Sometimes you have to give your senses some candy so that you can use the rest of your brain for the complicated stuff. After all, you catch more words with honey.

3. When you stop writing, don’t finish your last sentence!

This trick can be hard to make yourself pull off at first (or at least it was for me!), but it can also massively boost your writing practice. I read this tip a few years ago, and it was immediately effective. ore effective than any other anti-writer’s block technique I have, I think!

Here’s how it works: Normally, when you stop writing for the hour or the day or whatever, you finish off at the end of a sentence—at the end of a complete thought.

Pretty typical.

But! It means that every time you have to go back to your document, your brain has to re-find its place, so to speak. Before you can write, your brain has to pause to take in the last few things you’ve already written, the context around them, remember where you were planning to go with it, etc.

And that, a lot of the time, is where writers get tripped up. They get anxious about what they’ve written, how it sounds, where they’re going, what to say first, how many options they have, and more. It’s a lot of extra mental work, honestly—in a way, your brain has to jump back into the writing from scratch.
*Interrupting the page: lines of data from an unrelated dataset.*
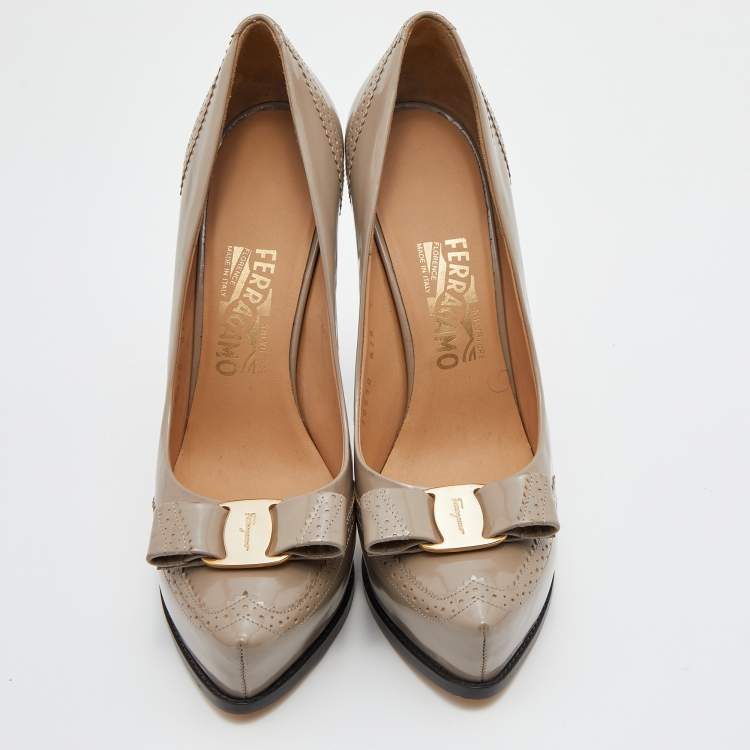 Pre Owned Salvatore Ferragamo Grey Brogue Leather Vara Bow Platform Pumps Size 39.5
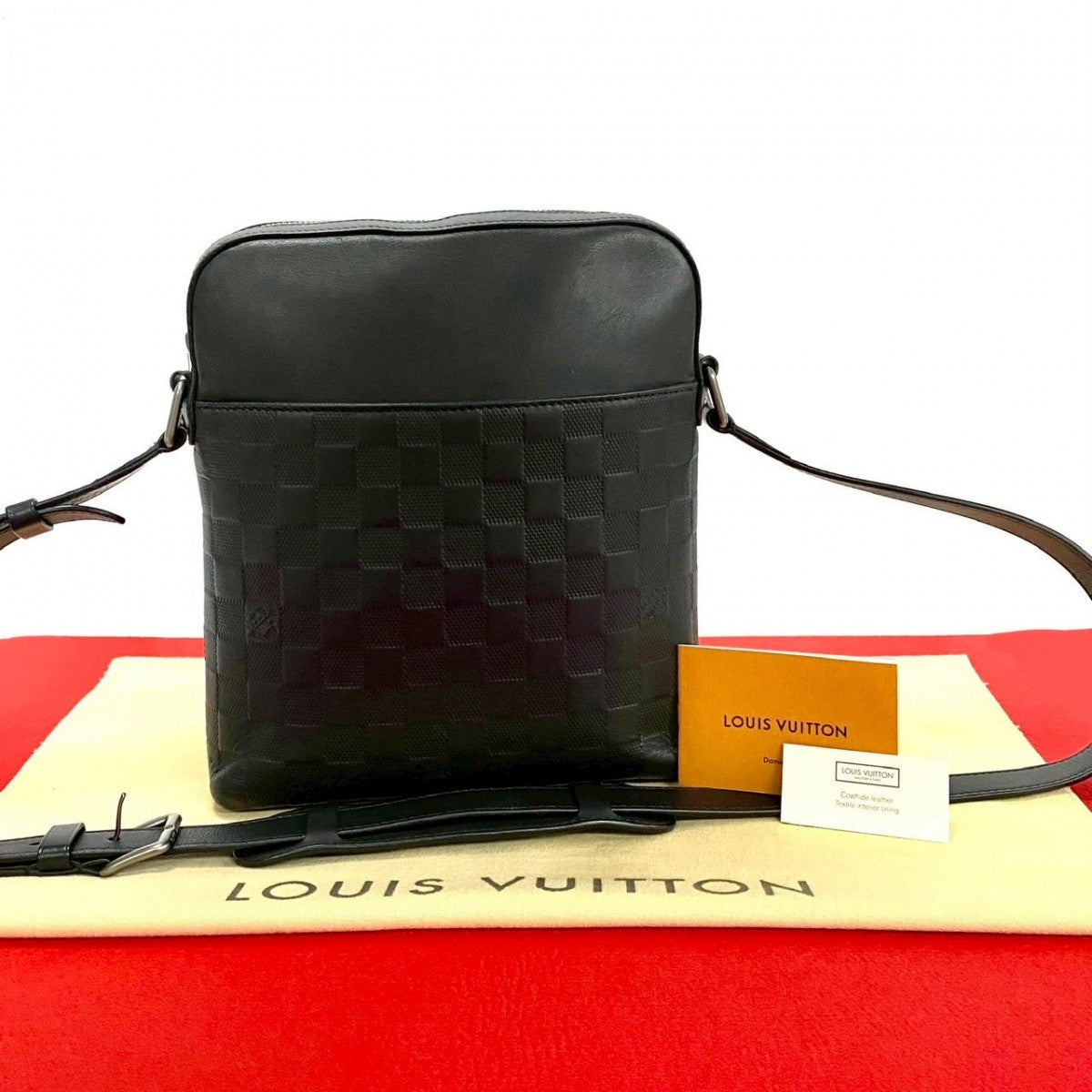 Louis Vuitton N23355 Damier Anfini Messenger Pochette Leather Black Crossbody Bag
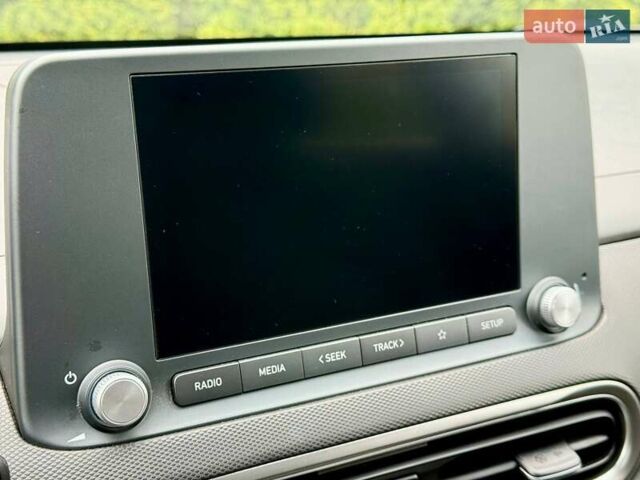 Белый Хендай Kona, объемом двигателя 0 л и пробегом 33 тыс. км за 17700 $, фото 33 на Automoto.ua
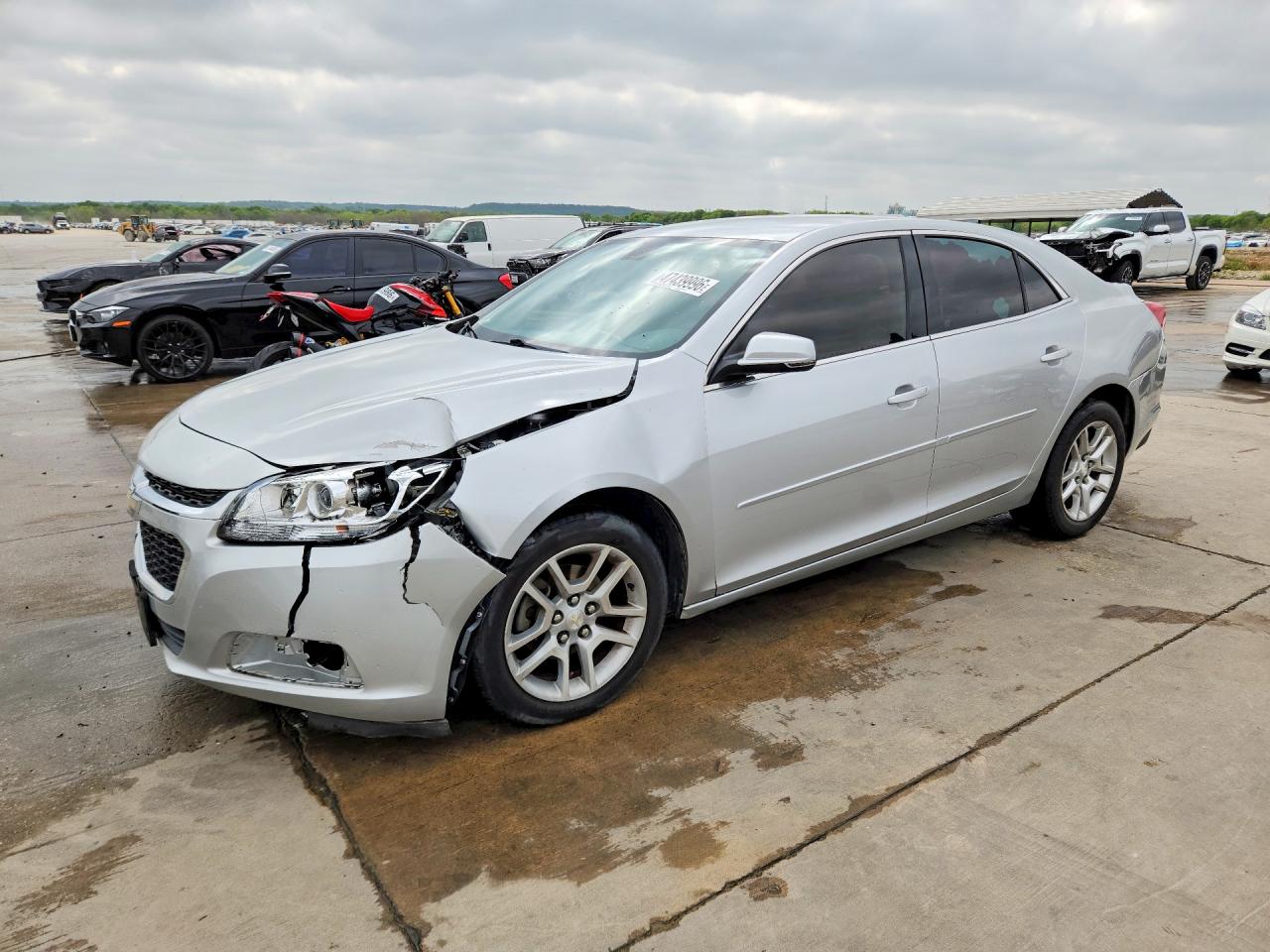 Salvage Chevrolet Malibu Image
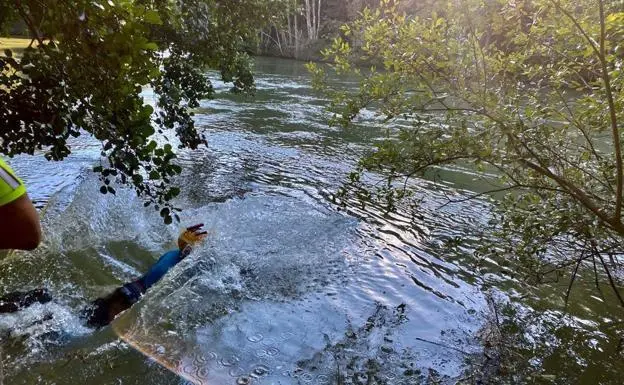 Inmersi&oacute;n en el r&iacute;o, ayer, para buscar al pescador. / GOBIERNO DE CANTABRIA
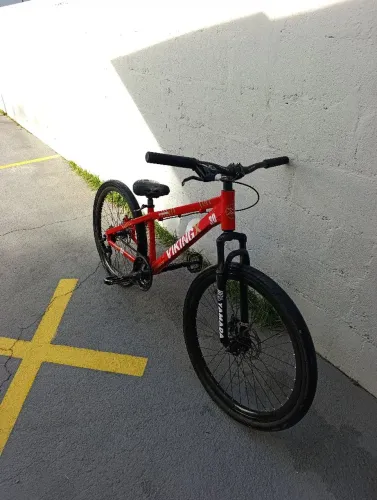 Vendo bike viking vermelha (Não aceito trocas )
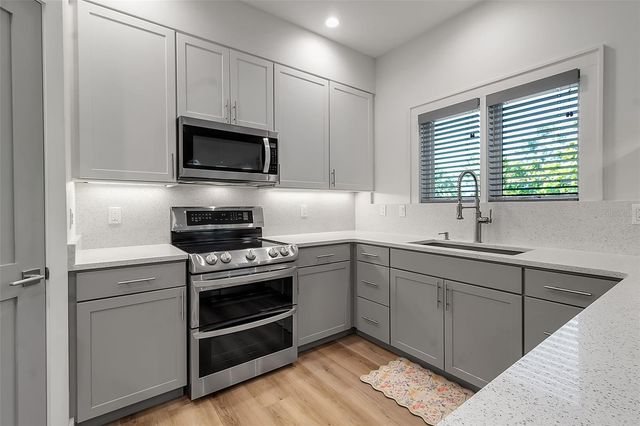 105 SHORE ROAD, Nokomis, FL 34275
It has to figure out the next thought, and as I’m sure you know, that can be real hard when there’s a wall of unfinished text staring deep into your soul.

But you can absolutely circumvent that extra mental work, and here’s how: leave your last sentence unfinished.

The reason this is such a powerful technique is because our brains are automatically wired to fill in the blanks in just about anything. It fills in the blanks in your vision, your memories, and incomplete or distorted information.

So, if you stop writing mid-sentence, your brain will immediately latch onto it in order to complete the thought.

And just like that, you have the rest of your sentence—and probably the next one after that.

When I do this, a lot of the time, the words I want to type next spring into my brain immediately—sometimes before I’ve even finished consciously reading the last sentence.

Give it a try the next couple times you’re writing—I bet you’ll see results, and fast.